Bailey was the only one who walked away from the accident.

The guilt was her burden to bear.

We both sit in silence until Bailey lets out a deep audible breath, releases my hands, and then reaches for her water. After she takes a sip, she stares at me.

“And that’s my story.”

“And that’s how you ended up in my club. Something I’m happy about, by the way. Your path was rough, but it got you to where you are now, Bailey. Our pasts don’t have to define our future.”

“I basically screwed up my life, Drew. No degree, a string of bad jobs, and an empty résumé, I had no choice. No offense. Silver is a great place, but it wasn’t the best place for me to work. It was the only place.” She places her hands on her lap and looks at me. “My rent was due, so as the saying goes, beggars can’t be choosers. The job paid well, and it was a lot better than my last position.”
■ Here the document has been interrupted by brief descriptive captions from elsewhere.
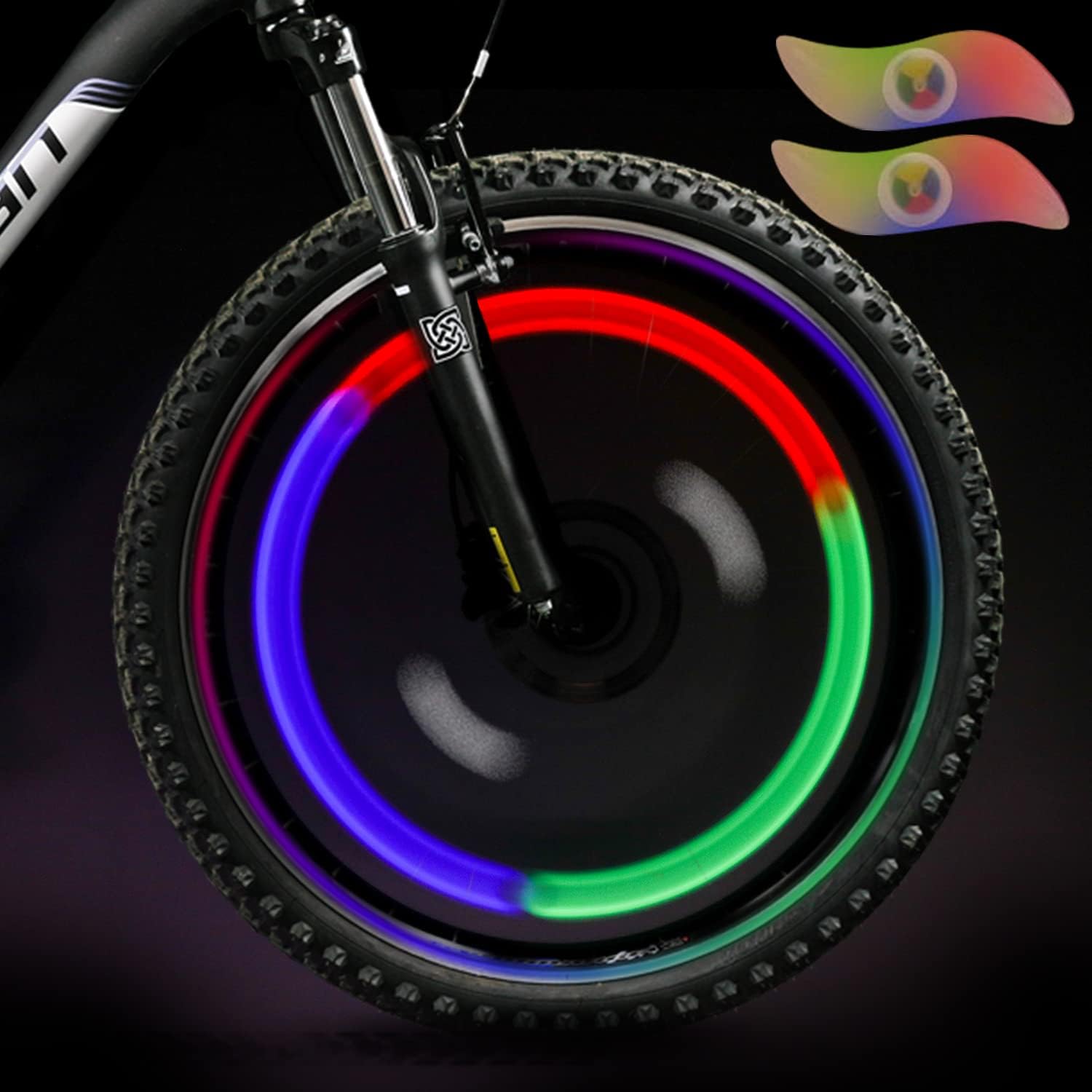 Led-radlichter (rot + Grün + Blau + Mehrfarbig) 4er-set, Fahrrad-radspeichen Für Mountainbike, Erwachsene Und Kinder, Wasserdichtes Led-neon-reifenlicht Mit 3 Blinkmodi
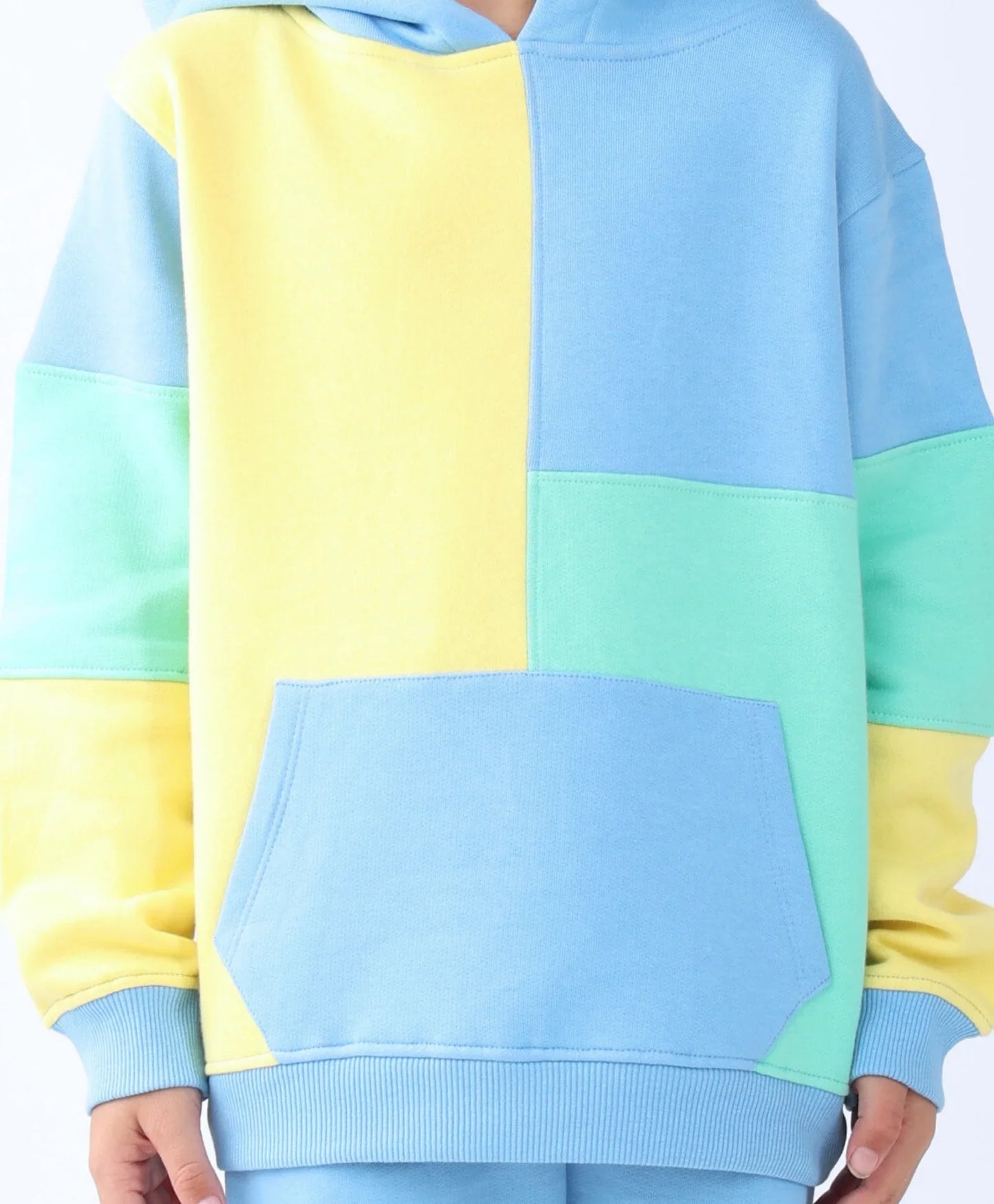 YELLOW SEA GREEN BLUE COLOR BLOCK HOODIE JOGGER SET - YELLOW SEA GREEN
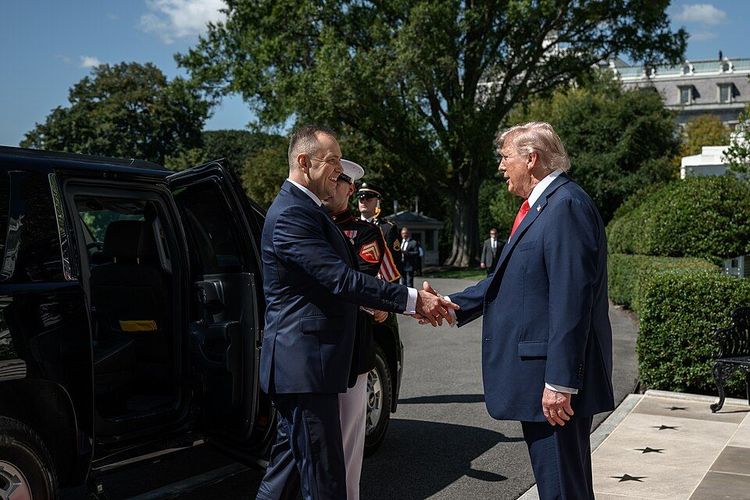 President Donald Trump greets Polish President Karol Nawrocki, Wednesday, September 3, 2025, on the South Portico of the White House. -- Image: Official White House Photo by Molly Riley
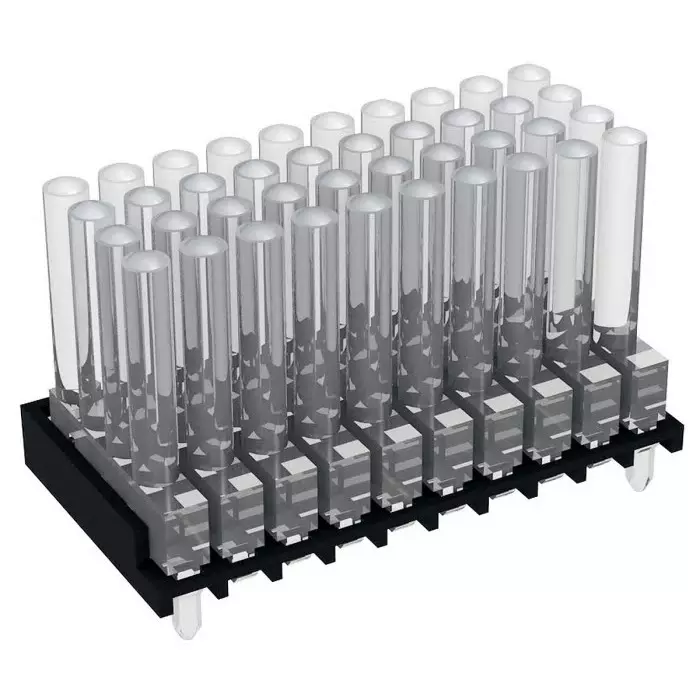 MENTOR PCB Mounted 40-Way LED Light Pipe Quad-Level-Row Clear Dome Lens, 1296.7204 (Pack of 100 Pcs)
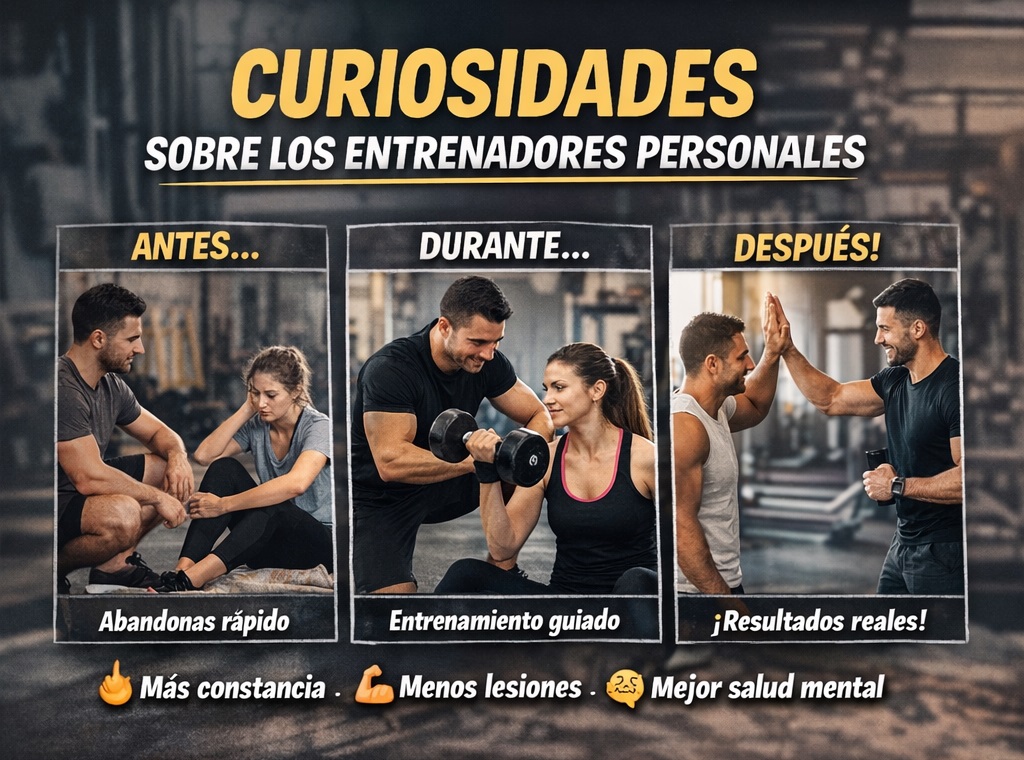 Entrenador personal en Madrid guiando entrenamiento de fuerza con resultados antes y después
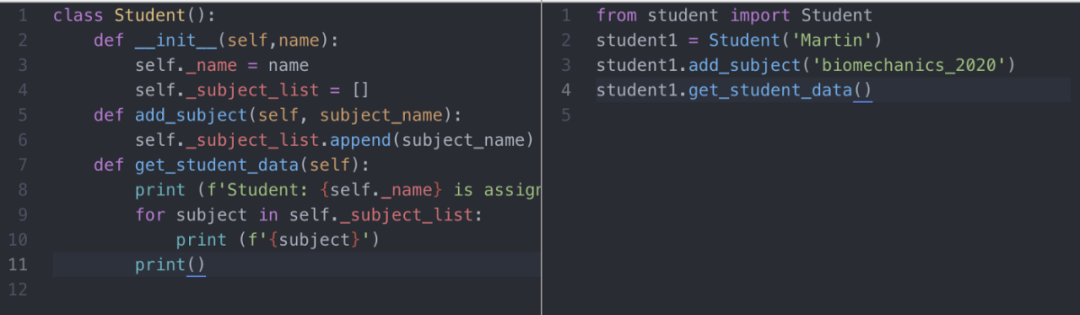 student类和main.py在使用它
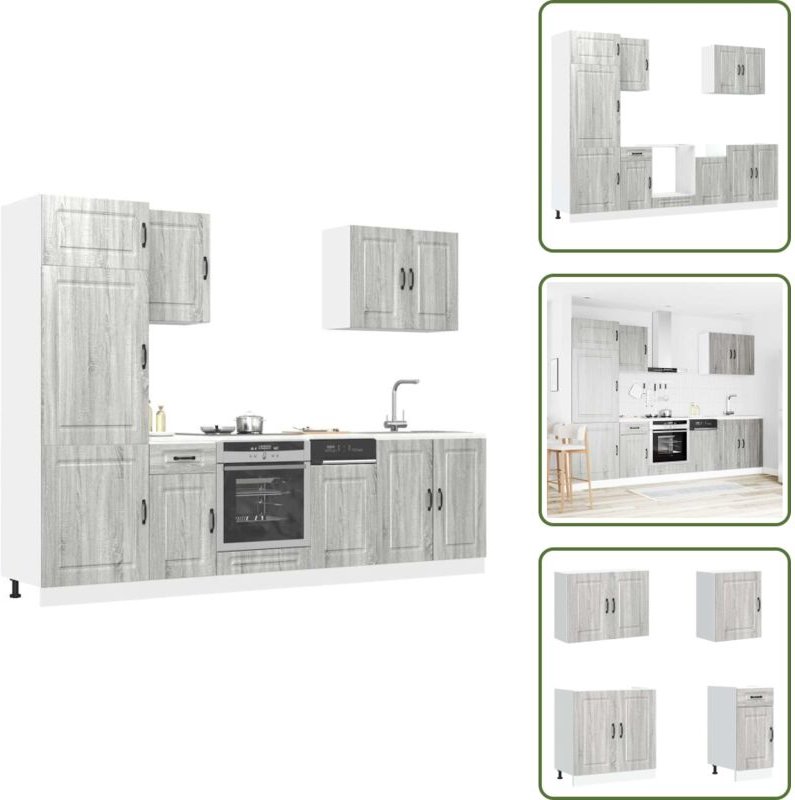 The Living Store - vidaXL 7-tlg. Küchenschrank-Set Kalmar Grau Sonoma Holzwerkstoff
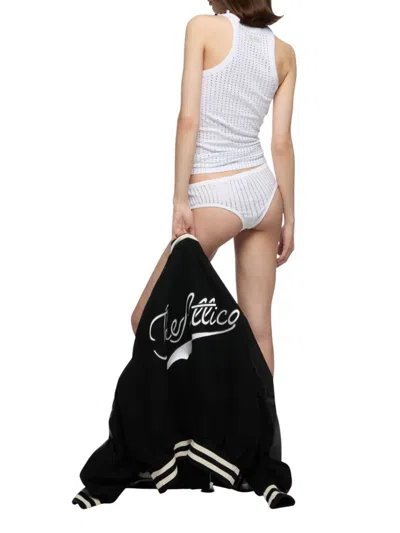 Attico White Tank Top With Rhinestones In Grey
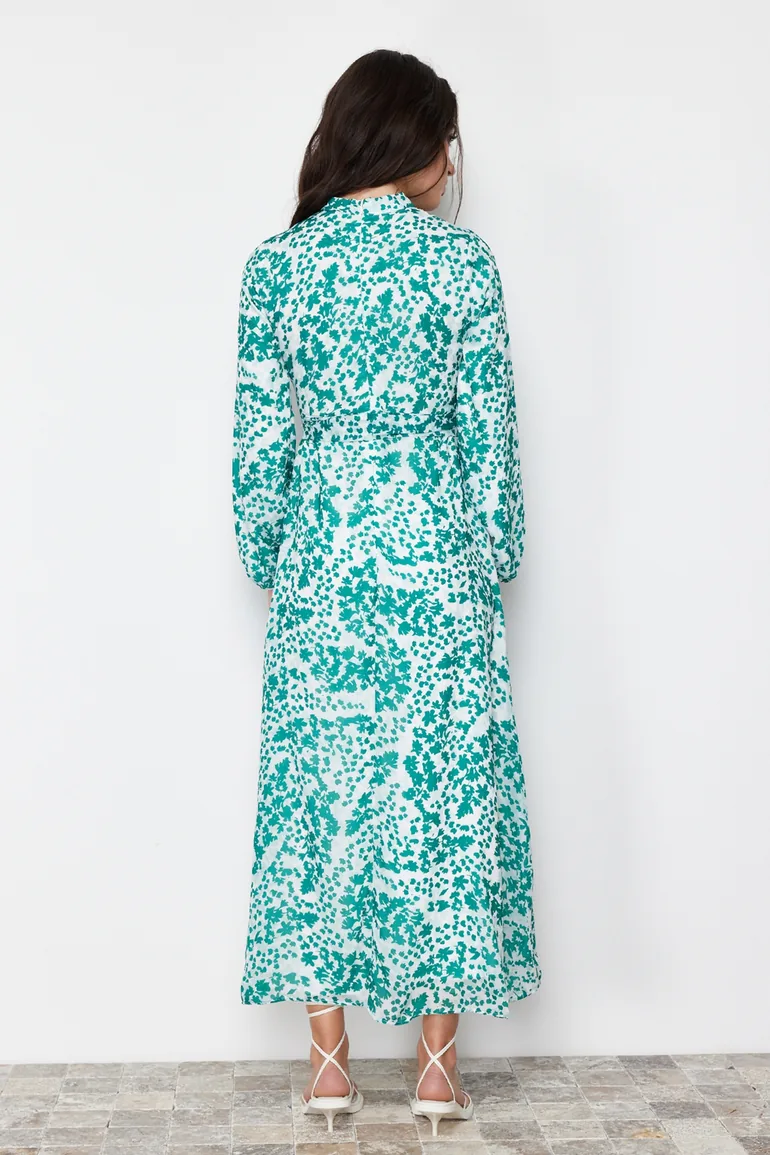 Green Lined Floral Woven Dress - 5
“What was wrong with your last employer?” There’s an edge in my voice because when she said it, she stiffened. There’s a bigger story there, and I want to know it.

“Nothing, forget I said anything.” Her eyes shift around the room, and now I’m growing angry. Not at her, but at whatever has her trying to avoid the conversation.

“I’m not going to forget.”

Taking a deep breath, she relays the story. “My last employer was handsy, and I finally quit when I realized he wouldn’t stop. I didn’t tell Harper because she would’ve tried to prosecute him, and what my sister fails to realize is New York City is one big boys club. She can fight the injustices all she wants, but I’m not getting dragged into it.”

I see red.

“Who was it? I want his name, Bailey.”

She sighs. “And this is the reason I didn’t tell Harper.”

“She would have helped you. Like I’m going to,” I grit through my teeth.

“I don’t want her pity. And I don’t want yours. I made mistakes. Now I have to live with them.”

“Everyone makes mistakes, Bailey, but that doesn’t give any man the right to touch you.”

“I know,” she says, peering deep into my eyes. “But it’s done, and I’ll never go back there. You’ve given me that opportunity.”

I take a deep breath, trying to calm my nerves. She’s right. She’s no longer in that position, and I’ll make damn sure she never is again.

“Now enough of this heavy stuff,” she says. “Let’s enjoy dinner.”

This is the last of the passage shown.